Exercise objective:
Only the records, exactly as written, belong in the answer; pictures do not.

Source information:

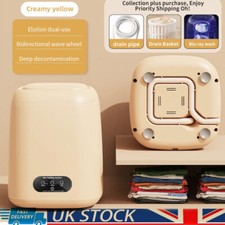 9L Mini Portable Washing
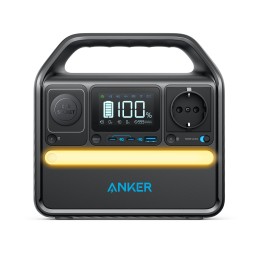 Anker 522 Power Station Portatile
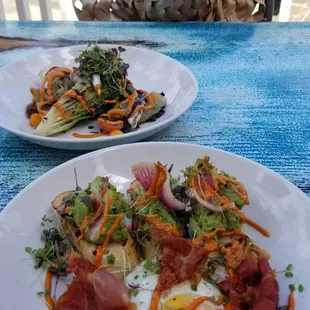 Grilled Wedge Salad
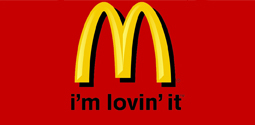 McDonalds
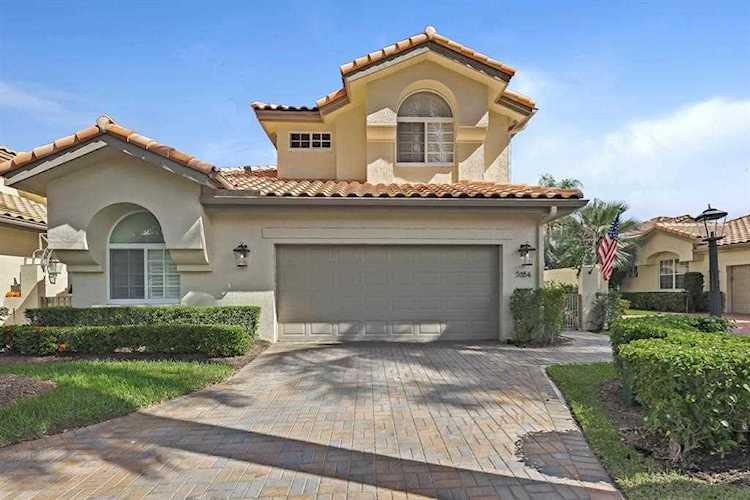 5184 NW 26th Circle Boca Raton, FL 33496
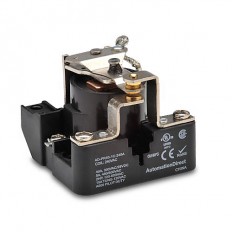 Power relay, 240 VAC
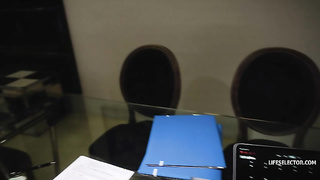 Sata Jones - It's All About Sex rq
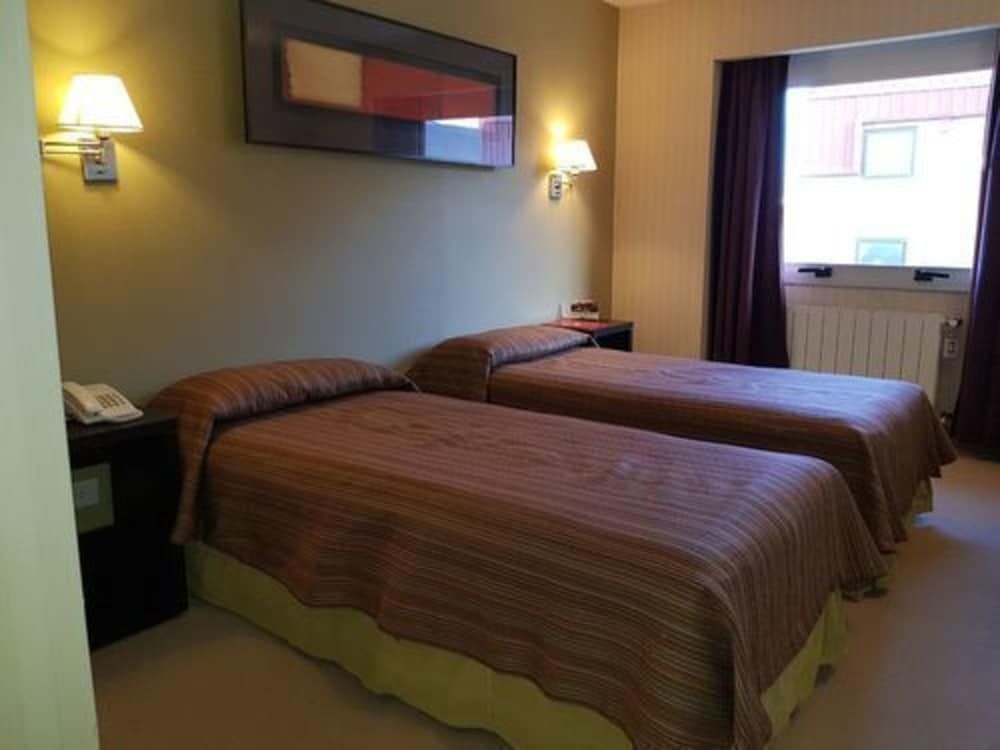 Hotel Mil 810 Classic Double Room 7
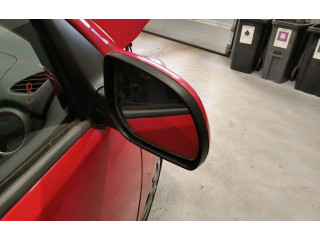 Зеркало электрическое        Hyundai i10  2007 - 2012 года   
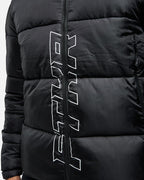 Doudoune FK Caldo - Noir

Answer to this task:
 9L Mini Portable Washing
 Anker 522 Power Station Portatile
 Grilled Wedge Salad
 McDonalds
 5184 NW 26th Circle Boca Raton, FL 33496
 Power relay, 240 VAC
 Sata Jones - It's All About Sex rq
 Hotel Mil 810 Classic Double Room 7
 Зеркало электрическое        Hyundai i10  2007 - 2012 года   
 Doudoune FK Caldo - Noir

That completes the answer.